Войско казацкое уже стояло на Масловом Ставу в полном снаряжении, с полковыми знаками и отличиями, словно готовое выступить в поход. Только вместо боевого задора на лицах у всех, от полковника до рядового, суровость и горечь. Хоругви и бунчуки наклонены к земле, словно при войсковом трауре. А перед строем гарцевал окруженный свитой польский гетман Потоцкий. Он наслаждался своей властью над этим побежденным воинством, которое не мог укротить до него ни один польский военачальник, и демонстрировал перед ним свою власть и шляхетский гонор. Вот он взмахнул рукой, и из свиты выехал вояка, в котором Хмельницкий узнал комиссара Шемберка, недавно купившего, как говорили, у короля свое комиссарство за тридцать тысяч злотых и уже сейчас стремившегося возвратить их себе, грабя казаков и арендаторов. Он развернул свиток и стал громко выкрикивать уже известную Хмельницкому «Ординацию».

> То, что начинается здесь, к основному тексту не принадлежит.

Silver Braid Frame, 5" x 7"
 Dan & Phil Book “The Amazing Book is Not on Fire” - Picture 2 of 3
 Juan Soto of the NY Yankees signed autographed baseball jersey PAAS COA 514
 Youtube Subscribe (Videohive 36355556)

«Ординация» коснулась и самого Богдана. Должность войскового писаря была ликвидирована, и он, таким образом, лишался влиятельного места в войске. Не получил он взамен никакой другой из высших должностей, доступных казакам, — ни войскового, ни полкового есаула. Потоцкий соизволил назначить его лишь одним из десяти Чигиринских сотников, и в этой должности он и будет состоять почти десять последующих лет.
Но польское руководство по оставляет его в покое и в должности сотника, часто вызывая то в Киев, то в другие города. Видимо, боялись, поэтому и вызывали, чтобы был часто на виду. В обоснованности такого опасения вскоре шляхтичей убедил один случай.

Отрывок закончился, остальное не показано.